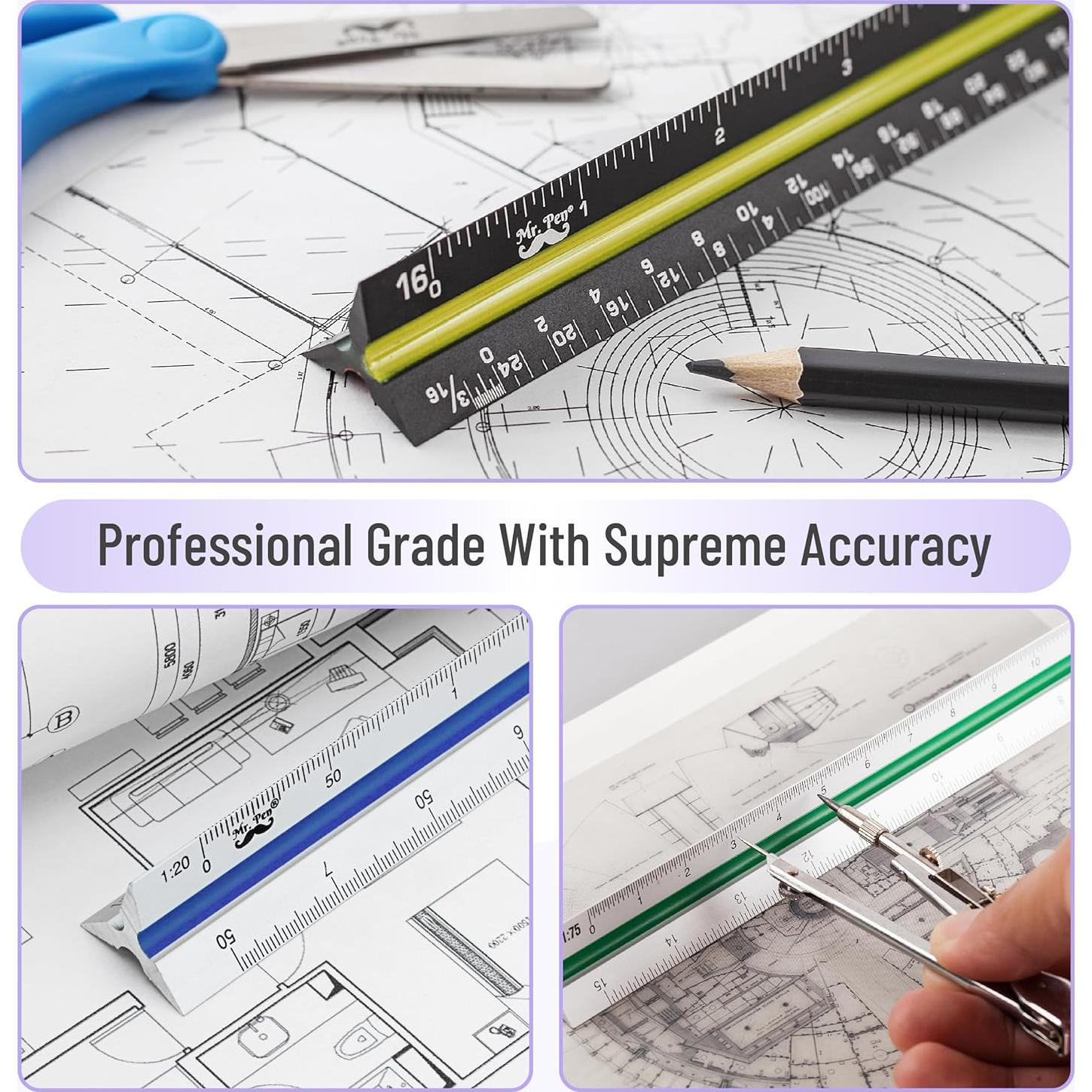Regla de Escala Arquitectónica Mr. Pen 30.48 cm 2 Pcs Aluminio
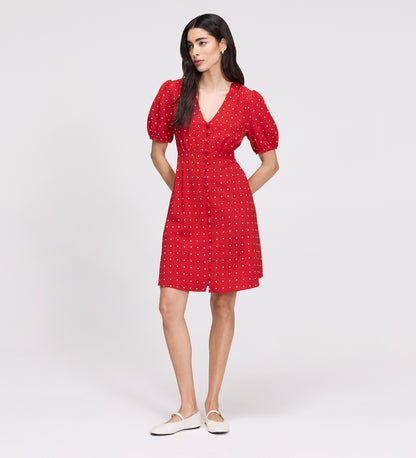 Ensley Red Polka Dot Button Through Short Dress
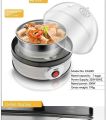Electric Egg Boiler Steamer Multifunctional 7 Eggs Capacity Breakfast Egg Cooker, Poacher Corn Milk Heating Steamed Kitchen Cooking Machine Includes Poaching Trays, Automatic Shut-Off Function Featured For Hard Boiled Eggs Steamed Vegetables, Kitchen Cook. 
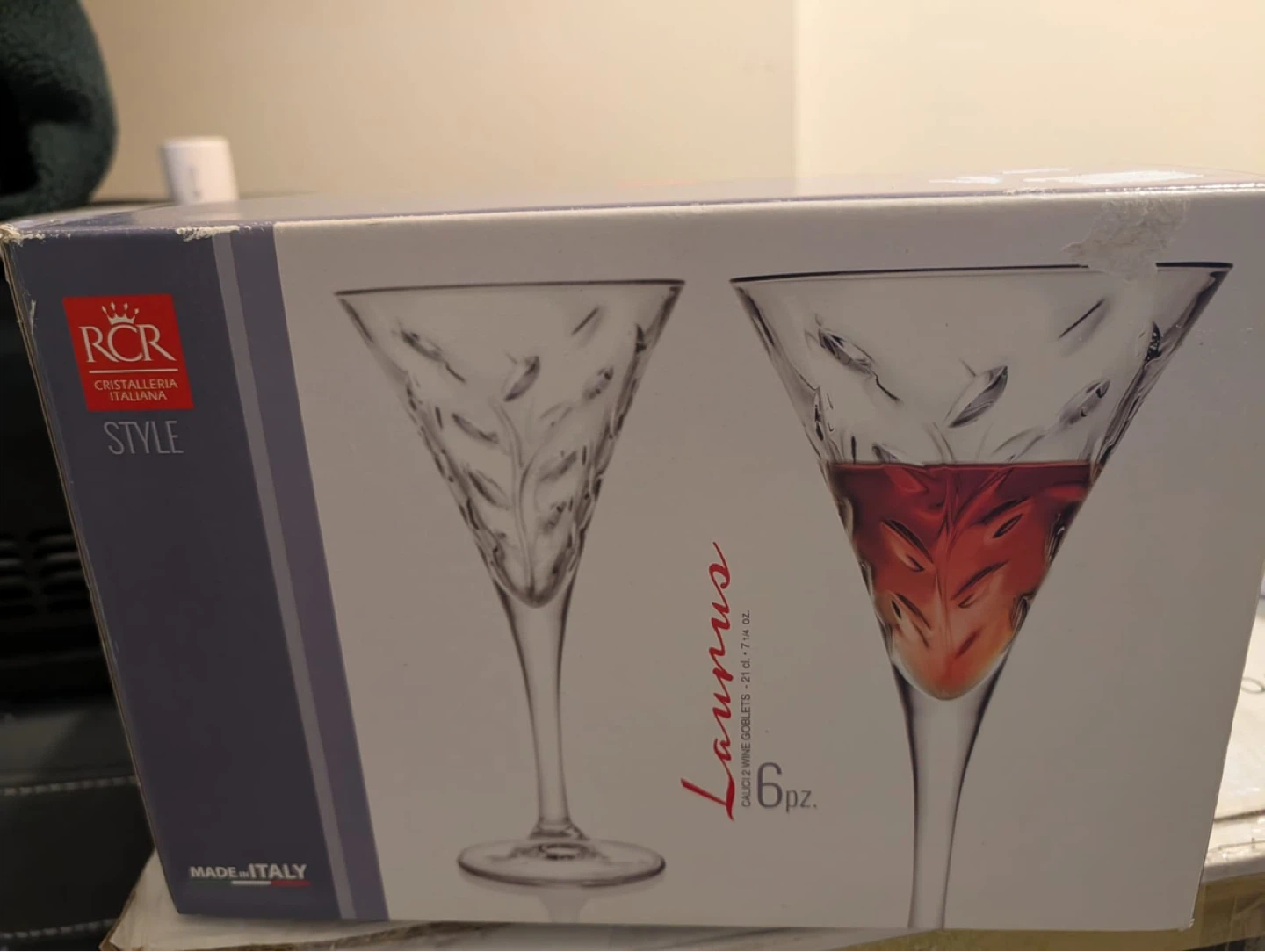 RCR Laurus Crystal Wine Goblets - Set of 6 - photo 2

☆ ☆ ☆ ☆ ☆ ☆ ☆

* About this exercise *
Every line of the material should be repeated precisely; pictures are to be excluded.

* Your solution *
Regla de Escala Arquitectónica Mr. Pen 30.48 cm 2 Pcs Aluminio
 Ensley Red Polka Dot Button Through Short Dress
Electric Egg Boiler Steamer Multifunctional 7 Eggs Capacity Breakfast Egg Cooker, Poacher Corn Milk Heating Steamed Kitchen Cooking Machine Includes Poaching Trays, Automatic Shut-Off Function Featured For Hard Boiled Eggs Steamed Vegetables, Kitchen Cook. 
 RCR Laurus Crystal Wine Goblets - Set of 6 - photo 2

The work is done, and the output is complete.